Ein Tipp an dieser Stelle: Sich die Umgebung so vorzustellen, wie sie einen in die optimale Wettkampfstimmung bringt und das zu visualisieren, kann eine einfache aber effektive Hilfestellung sein. Hierbei kann der Einsatz von kurzen Filmen im Kopf, emotionalen Bildern oder das Abspielen bestimmter Fanlieder unterstützend wirken. 

Und vielleicht hilft dem ein oder anderen die Ruhe um sich herum auch, um sich maximal auf seine Leistung zu fokussieren. Die Rufe der Fans, die Pfiffe, die Anfeuerung, all das sind ja auch mögliche Störfaktoren in der Aufmerksamkeit eines Spielers, die sich negativ auf die Leistung auswirken können, wenn Teile dieser Aufmerksamkeit Richtung Tribüne wandern, statt auf dem Rasen zu bleiben. 

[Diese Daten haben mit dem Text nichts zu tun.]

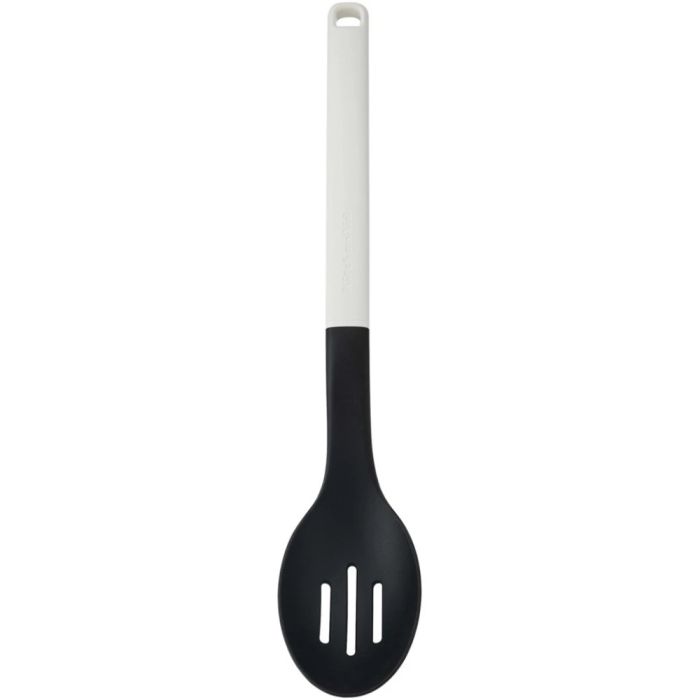 Ложка для сервіровки з прорізами KitchenAid Classic, 34 см, білий (KHA004OHPNG)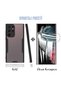 Samsung Galaxy S22 Ultra Transparent Back Flexible Soft Design Case and Screen Protector - 2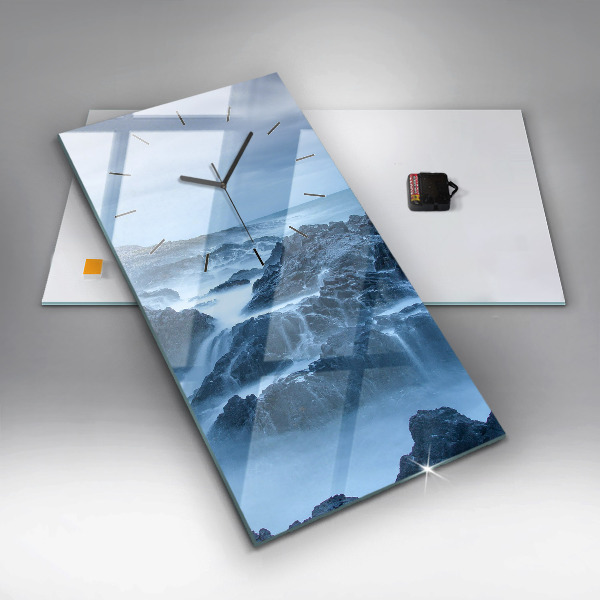 Vertical wall clock Lighthouse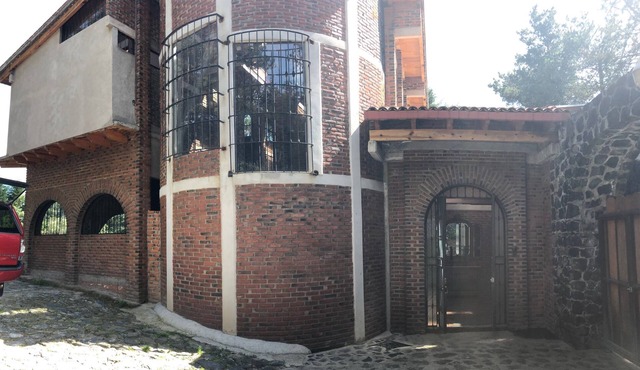 Casa de campo con chimenea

Entscheidend ist der Umgang

Jetzt fragt man sich natürlich auch, ist es ein Vorteil für die angeschlagenen Teams, die sich aktuell im Tabellenkeller herumtreiben, wie unter anderem der SV Werder Bremen? Ohne Zuschauerdruck zu agieren oder ist es gerade für sie sogar ein Nachteil, da Ihnen die verbale Unterstützung fehlt. Am Ende wird es der Umgang jedes Einzelnen mit der ungewohnten Situation und dann die Übertragung der einzelnen Reaktion auf die Mannschaft sein, die zeigt, wer sich auf die Umstände einstellen kann und die Spiele gewinnen wird. 

Die Aufgabe für alle Beteiligten wird sein, eigene Ressourcen zu stärken, statt sich über andere Umstände zu ärgern, den Fokus bei sich zu behalten und nach den eigenen Bedürfnissen zu schauen, um diese bestmöglich zu bedienen. Das führt dann final auf Grund des Aktivierungsniveaus, welches in einem mittleren Bereich angesiedelt sein sollte, zur bestmöglichen Leistung. Ärger und Stress lassen dieses Niveau ansteigen und mindern daher auch die Leistungsfähigkeit. Und warum nicht mit etwas Humor und Lockerheit an das „Problem“ gehen und im Abschlusstraining sich Torjubel überlegen, die auch ohne tobende Meute im Hintergrund Spaß macht.